Well, things didn’t go exactly as planned. I roasted the beets as I’d intended to, but I learned something important: despite all I’d read about how easy it is to remove the skin from beets once they’ve been cooked… it’s not! I started just using my fingers, then a butter knife, then I finally gave up and used a vegetable peeler. I cut the beets into strips and although they weren’t as thin as I’d hoped, they sauteed pretty nicely with minced garlic in olive oil. I added some dill just because (in the end it didn’t add any flavor to the dish, but oh well) and let it all simmer together and stay hot.

I grabbed the kale leaves with the intention of using them like taco shells, but that didn’t work out. I forgot that the shape of kale isn’t very romaine lettuce-like, rather more like a maple leaf! I gave up and just chopped up three huge kale leaves to add to the sizzling beets and garlic. I sliced and browned some chicken sausage, tossing the boyfriend’s with olive oil, herbs, red pepper flakes, coconut cream, and red pepper flakes (and, yes, he had a gigantic veggie-filled salad with lettuce from the CSA!), and adding my portion atop a hearty pile of the beets/kale mixture. Half of a sliced avocado on the side made it a pretty damn gorgeous dish (which my phone’s camera doesn’t do justice).

Looks are one thing… but what about the taste?

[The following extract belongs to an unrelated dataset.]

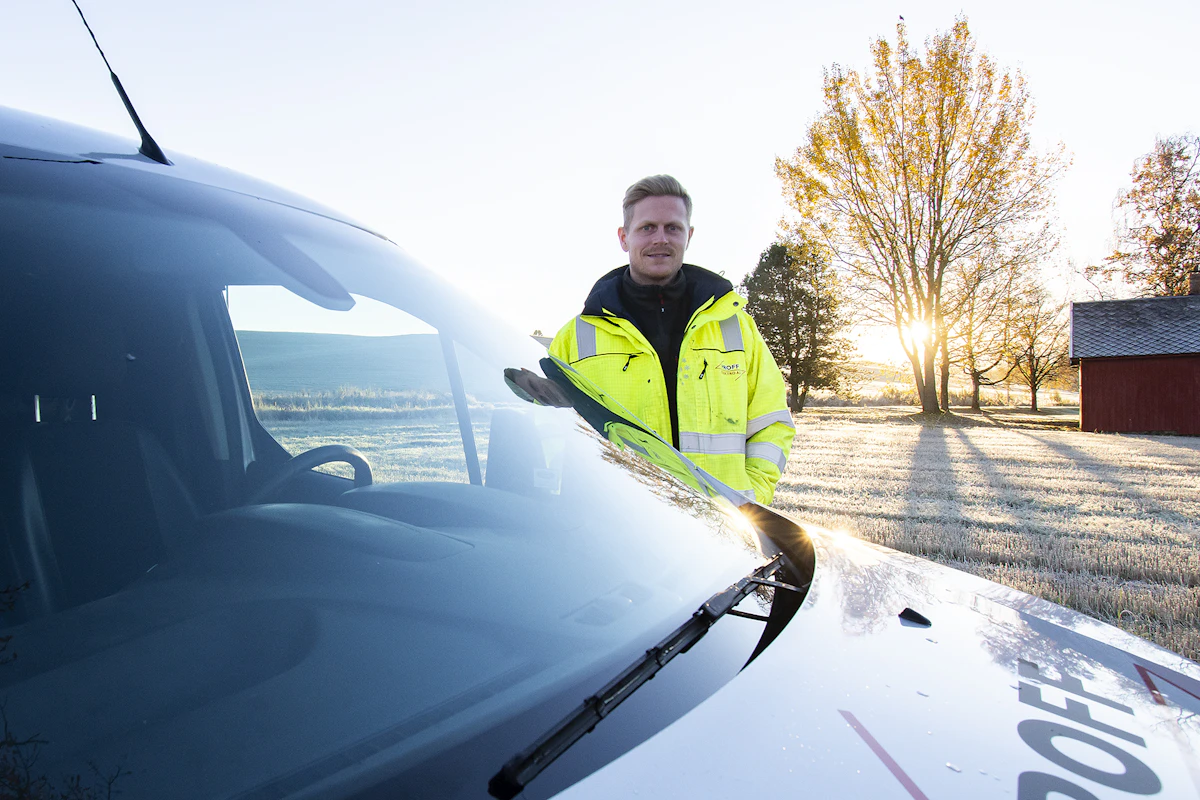 Montør fra Proff Elektro står ved bil i soloppgang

Honestly, cooked beets taste like cooked carrots. The texture, the sweetness, the smell. All of it is that of a carrot… and I love carrots; therefore, I love beets. They’re just a bit of a pain in the ass to cook, honestly. I’m unsure if it’s worth the reward. I had some of the beet and kale leftover, so the following morning I cooked some diced uncured bacon in a pan and added the leftovers to the pan, accompanied by the remaining avocado half. (If I had remembered to buy eggs, it would’ve been awesome to have a nice runny yolk oozing all over it; avocado was a creamy substitute.)

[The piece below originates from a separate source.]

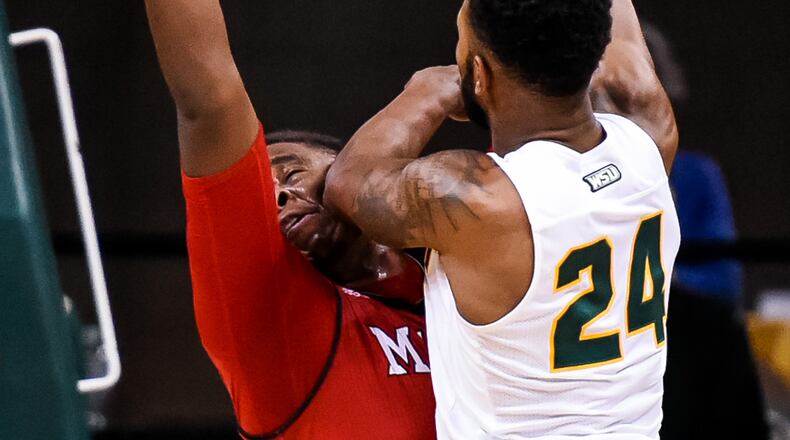 Wright State University’s Mark Alstork lands an elbow to the face of Miami University’s Darius Harper as he takes a shot during their 89-87 win Miami Tuesday, Nov. 15 at Wright State University’s Nutter Center in Fairborn. NICK GRAHAM/STAFF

So, overall this was a big success! I have two more little beets in the fridge that I need to cook up before the end of the week; I’ll see what I come up with and you better believe I’ll share it with you.

Speaking of sharing, here is my first paleo recipe!

Serves two.

  • 3 medium red beets
  • 3 large kale leaves
  • 4 tbsp olive oil, divided use
  • 4 tbsp minced garlic, divided use
  • dash of sea salt
  • dash of fresh-ground black pepper
  • 1/4 cup loosely packed fresh dill (or 1 tsp dried dill)

Preheat oven to 400 degrees F. Cut off greens from beets. Clean dirt off of each of the beets and place each on its own square of aluminum foil. Drizzle 2 tbsp worth of olive oil evenly over all of the beets. Repeat with 2 tbsp of the minced garlic. Wrap the foil around the beets like you’re making them look like a Hershey Kiss. Place beets in center rack of oven and let bake at 400 degrees F for 30 minutes.

Remove beets from oven and let cool. Peel the beets and slice them into thin strips. Put the remaining olive oil, garlic, and dill in a large saucepan over medium-high heat. When aromatic, add beets, salt, and pepper. Sautee until beets begin to smell fragrant and get slightly darker. Add kale, lower heat to medium-low, stir, and cover. After about five minutes, stir again and serve.

This is a great accompaniment for protein like sausage, pork, and other meats that work well with a sweet side dish!

Another option is to omit the olive oil in the pan and brown some diced uncured bacon in the pan, cooking the veggies and herbs in the rendered fat!


  1. Beets are delicious. If you like carrots, you will like beets.
  2. Beets are not fun to cook. Despite all I’d read online, the skins are a royal pain in the ass to remove, even after being cooked. Oh, and that cooking part takes over a half hour in itself.
  3. Beets do not stain countertops or kitchen appliances as bad as I’d read! I dripped juice on my very cheap linoleum countertop and it sat there overnight; in the morning, I wiped a wet paper towel over it just once and it came off immediately! (Maybe I was just lucky?)
  4. Beets do not stain people as bad as I’d read, either! Although with the juice on my hands, they looked very red. Just a quick hand-rinse and my hands were no longer red. On a gross side-note, my pee was not red after eating beets, which was another thing I’d read happens as a result of beet-consumption.